On the one hand, it is very good that ordinary hamsters continue to pay for attempts at technical progress from their own pockets (in the PC sector, for example, everything has become very bad precisely because the mass buyer switched to smartphones, since most of them are not the creators of anything something new, but banal consumers), on the other hand, the general trend that has moved away from the principle of maximum energy efficiency, and not stupid productivity, to the detriment of the autonomy of the final solutions and/or consumption is saddening.

Laptops with a power consumption of 200W+ are already insane. Like PCs, which consume only 150-200W at the processor level.

In smartphones, approximately the same trend is beginning to be observed (albeit strictly limited by progress in batteries) with a deterioration in energy efficiency in new technical processes.

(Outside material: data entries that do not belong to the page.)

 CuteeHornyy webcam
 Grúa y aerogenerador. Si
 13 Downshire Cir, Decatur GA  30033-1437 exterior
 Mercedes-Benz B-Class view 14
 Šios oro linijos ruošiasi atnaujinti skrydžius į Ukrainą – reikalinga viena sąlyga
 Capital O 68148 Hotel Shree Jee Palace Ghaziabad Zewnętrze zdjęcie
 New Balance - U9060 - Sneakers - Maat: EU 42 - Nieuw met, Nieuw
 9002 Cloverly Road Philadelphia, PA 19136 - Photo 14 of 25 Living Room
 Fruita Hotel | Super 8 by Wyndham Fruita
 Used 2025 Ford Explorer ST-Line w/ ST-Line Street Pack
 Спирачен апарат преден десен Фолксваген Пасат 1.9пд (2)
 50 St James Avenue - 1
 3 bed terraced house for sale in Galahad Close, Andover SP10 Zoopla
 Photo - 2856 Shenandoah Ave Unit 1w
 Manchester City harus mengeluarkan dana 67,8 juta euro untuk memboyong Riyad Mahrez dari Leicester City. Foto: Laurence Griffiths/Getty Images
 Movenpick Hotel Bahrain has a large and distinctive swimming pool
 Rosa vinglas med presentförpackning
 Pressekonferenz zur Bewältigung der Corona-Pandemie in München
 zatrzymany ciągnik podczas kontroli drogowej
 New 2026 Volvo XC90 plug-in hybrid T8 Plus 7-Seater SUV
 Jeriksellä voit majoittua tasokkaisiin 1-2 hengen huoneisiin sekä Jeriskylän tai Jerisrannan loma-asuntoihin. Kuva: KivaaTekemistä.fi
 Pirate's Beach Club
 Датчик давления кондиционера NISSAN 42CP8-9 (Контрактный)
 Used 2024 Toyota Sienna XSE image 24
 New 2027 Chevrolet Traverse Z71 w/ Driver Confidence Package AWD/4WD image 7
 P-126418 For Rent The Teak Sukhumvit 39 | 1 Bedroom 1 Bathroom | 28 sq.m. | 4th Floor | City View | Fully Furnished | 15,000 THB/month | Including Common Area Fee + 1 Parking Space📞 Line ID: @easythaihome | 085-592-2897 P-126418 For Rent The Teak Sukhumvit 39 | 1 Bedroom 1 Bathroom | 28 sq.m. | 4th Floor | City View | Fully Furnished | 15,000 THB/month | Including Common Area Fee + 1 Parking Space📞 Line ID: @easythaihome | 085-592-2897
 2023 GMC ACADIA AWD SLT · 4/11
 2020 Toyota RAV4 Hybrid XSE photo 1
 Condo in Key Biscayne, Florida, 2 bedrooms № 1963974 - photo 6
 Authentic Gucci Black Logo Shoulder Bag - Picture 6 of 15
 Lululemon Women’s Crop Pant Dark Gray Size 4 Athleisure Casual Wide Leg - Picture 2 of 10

And new trends (like direct satellite communication) require the opposite - an increase in consumption by smartphones and with a clear increase in the SAR level.

Bob Blue

IOS 17 isn't fully optimized yet nor is A17 bionic. Give it time and things will improve. I did watch a test and it beat the S23 by several minutes.

NikoB

Quote from: Bob Blue on September 23, 2023, 21:29:16IOS 17 isn't fully optimized yet nor is A17 bionic. Give it time and things will improve. I did watch a test and it beat the S23 by several minutes.
This no longer has any meaning - the general trend is further only degradation in terms of progress. Because greater performance will become increasingly difficult to achieve without increased consumption in smartphones (as well as in PCs/laptops/video cards). The growth curve becomes almost flat. As predicted.

Accordingly, they will continue to sell you "rhinestones", and not real progress in hardware. Stagnation begins in smartphones as well. They will no longer be able to increase productivity while keeping consumption within the required limits at the same pace as before. Everything is over.